ENTRIES PROVIDED:
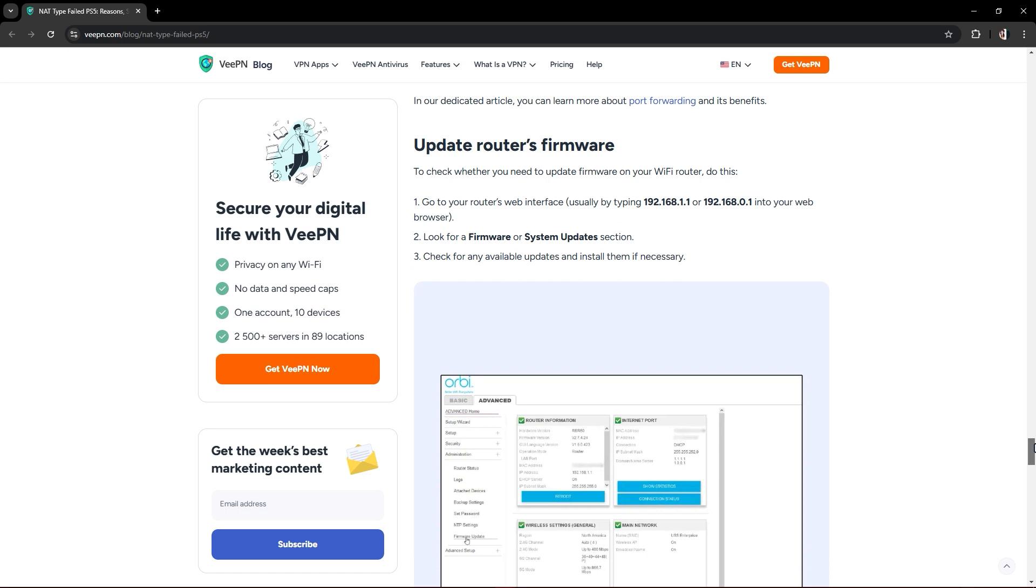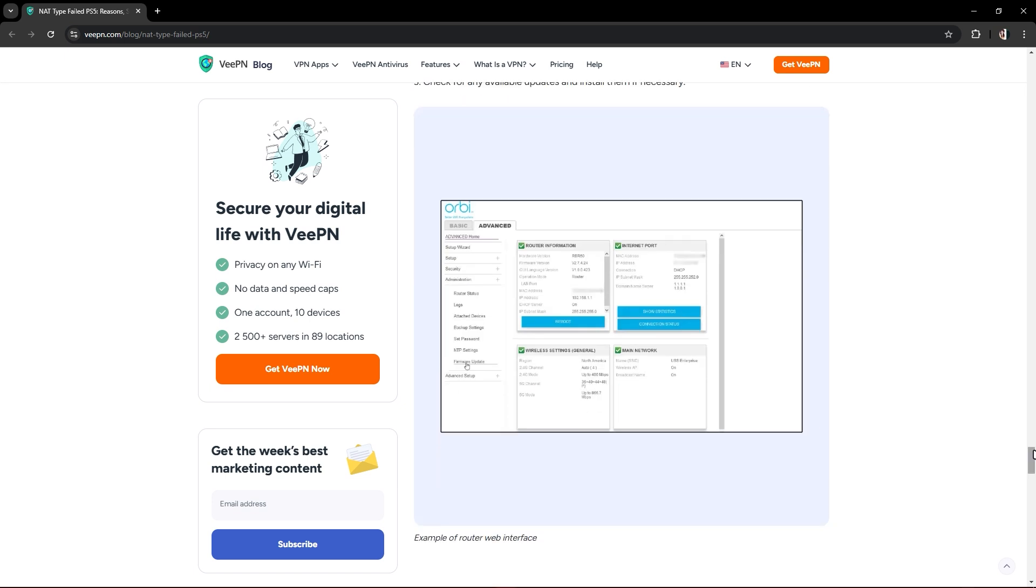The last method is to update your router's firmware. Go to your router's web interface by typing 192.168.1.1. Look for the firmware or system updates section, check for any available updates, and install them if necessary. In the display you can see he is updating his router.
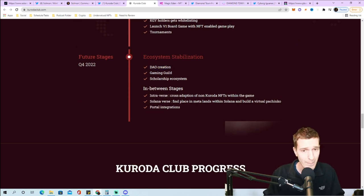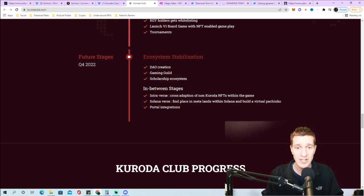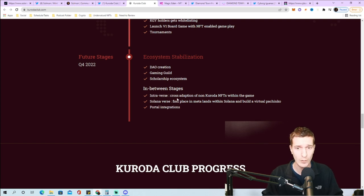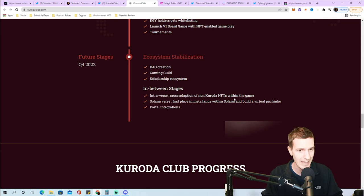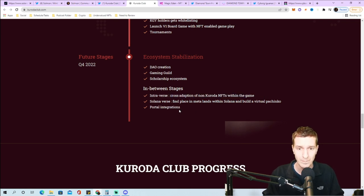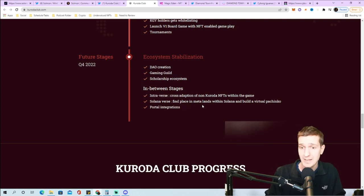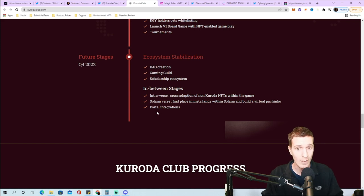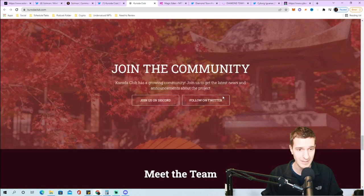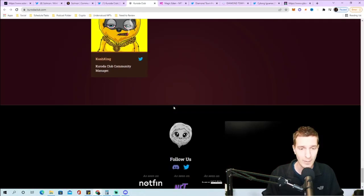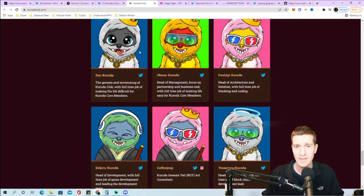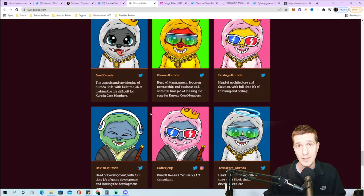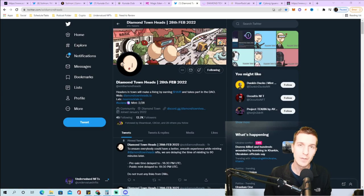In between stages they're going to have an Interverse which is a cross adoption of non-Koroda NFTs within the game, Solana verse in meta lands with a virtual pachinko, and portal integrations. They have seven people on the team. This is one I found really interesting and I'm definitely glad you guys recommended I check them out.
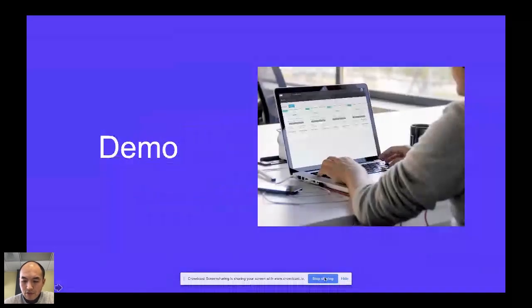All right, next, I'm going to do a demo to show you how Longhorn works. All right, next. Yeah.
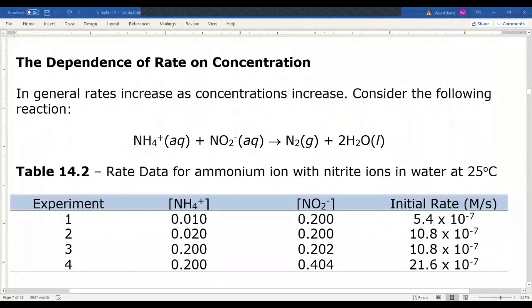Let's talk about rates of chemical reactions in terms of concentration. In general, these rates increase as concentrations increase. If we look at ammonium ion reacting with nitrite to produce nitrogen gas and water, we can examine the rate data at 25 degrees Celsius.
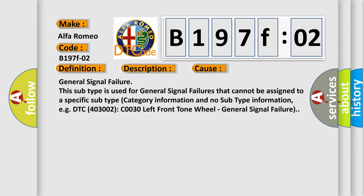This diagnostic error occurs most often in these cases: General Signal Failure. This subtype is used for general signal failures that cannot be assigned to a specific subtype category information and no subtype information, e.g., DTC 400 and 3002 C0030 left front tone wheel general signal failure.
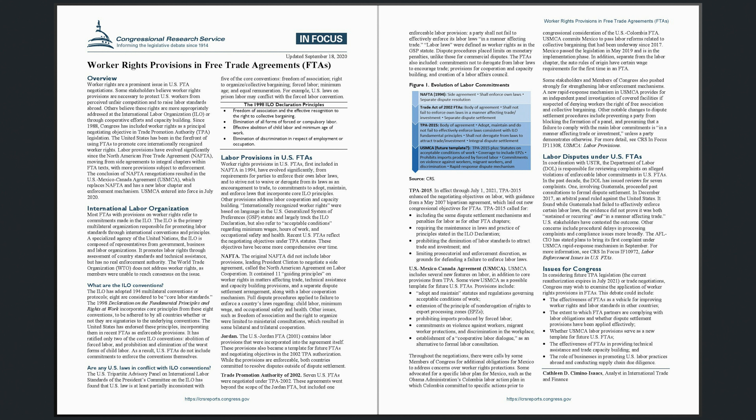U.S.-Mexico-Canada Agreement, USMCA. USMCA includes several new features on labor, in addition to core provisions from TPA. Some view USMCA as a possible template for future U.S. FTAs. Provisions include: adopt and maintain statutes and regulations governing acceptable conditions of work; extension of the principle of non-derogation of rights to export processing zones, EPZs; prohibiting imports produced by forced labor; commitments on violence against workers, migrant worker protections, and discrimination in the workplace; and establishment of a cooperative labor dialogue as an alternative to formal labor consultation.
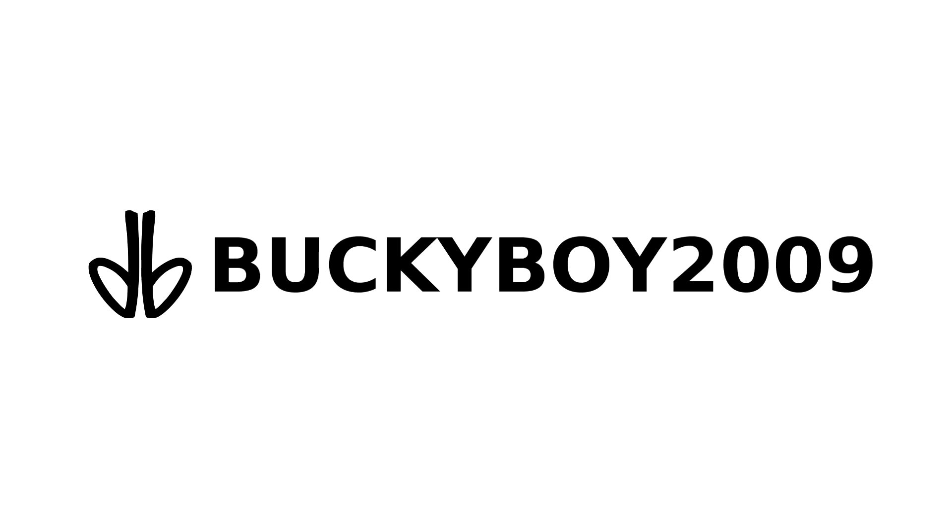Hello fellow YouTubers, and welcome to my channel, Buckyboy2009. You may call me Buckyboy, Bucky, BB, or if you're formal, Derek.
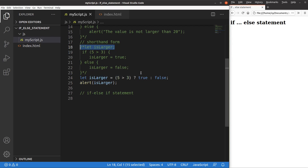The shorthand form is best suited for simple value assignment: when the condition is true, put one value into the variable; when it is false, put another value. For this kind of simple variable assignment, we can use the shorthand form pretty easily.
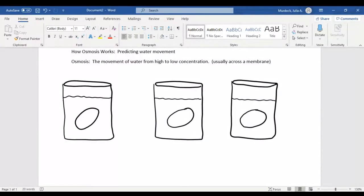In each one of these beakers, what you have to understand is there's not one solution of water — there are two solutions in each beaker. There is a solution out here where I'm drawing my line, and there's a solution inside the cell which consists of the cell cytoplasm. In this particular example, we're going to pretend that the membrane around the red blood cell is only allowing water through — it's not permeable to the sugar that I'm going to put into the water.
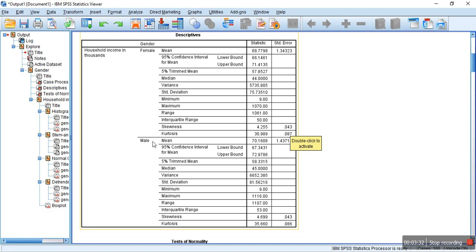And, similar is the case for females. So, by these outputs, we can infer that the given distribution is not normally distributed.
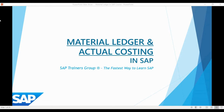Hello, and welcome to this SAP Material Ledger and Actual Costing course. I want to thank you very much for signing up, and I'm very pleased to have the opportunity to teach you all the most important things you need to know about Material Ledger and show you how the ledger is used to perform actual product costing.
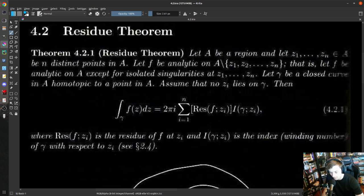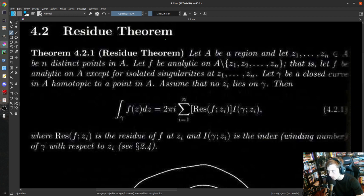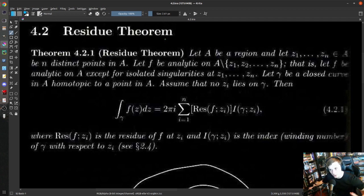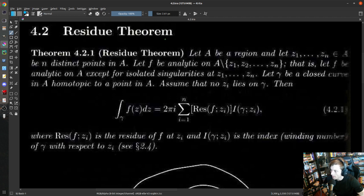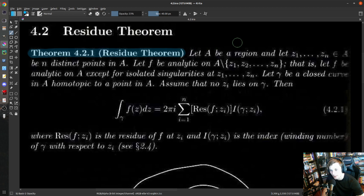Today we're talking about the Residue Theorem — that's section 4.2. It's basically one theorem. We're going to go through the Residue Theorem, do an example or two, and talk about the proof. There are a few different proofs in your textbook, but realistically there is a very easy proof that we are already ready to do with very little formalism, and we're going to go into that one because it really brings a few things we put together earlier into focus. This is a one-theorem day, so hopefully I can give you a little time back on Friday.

TASK DESCRIPTION:
Return the material line for line, from its beginning to the line that contains "The shorthand form is", with the pictures left out.

RESPONSE FOR THIS EXERCISE:
The last method is to update your router's firmware. Go to your router's web interface by typing 192.168.1.1. Look for the firmware or system updates section, check for any available updates, and install them if necessary. In the display you can see he is updating his router.
In between stages they're going to have an Interverse which is a cross adoption of non-Koroda NFTs within the game, Solana verse in meta lands with a virtual pachinko, and portal integrations. They have seven people on the team. This is one I found really interesting and I'm definitely glad you guys recommended I check them out.
All right, next, I'm going to do a demo to show you how Longhorn works. All right, next. Yeah.
Let's talk about rates of chemical reactions in terms of concentration. In general, these rates increase as concentrations increase. If we look at ammonium ion reacting with nitrite to produce nitrogen gas and water, we can examine the rate data at 25 degrees Celsius.
This diagnostic error occurs most often in these cases: General Signal Failure. This subtype is used for general signal failures that cannot be assigned to a specific subtype category information and no subtype information, e.g., DTC 400 and 3002 C0030 left front tone wheel general signal failure.
U.S.-Mexico-Canada Agreement, USMCA. USMCA includes several new features on labor, in addition to core provisions from TPA. Some view USMCA as a possible template for future U.S. FTAs. Provisions include: adopt and maintain statutes and regulations governing acceptable conditions of work; extension of the principle of non-derogation of rights to export processing zones, EPZs; prohibiting imports produced by forced labor; commitments on violence against workers, migrant worker protections, and discrimination in the workplace; and establishment of a cooperative labor dialogue as an alternative to formal labor consultation.
Hello fellow YouTubers, and welcome to my channel, Buckyboy2009. You may call me Buckyboy, Bucky, BB, or if you're formal, Derek.
The shorthand form is best suited for simple value assignment: when the condition is true, put one value into the variable; when it is false, put another value. For this kind of simple variable assignment, we can use the shorthand form pretty easily.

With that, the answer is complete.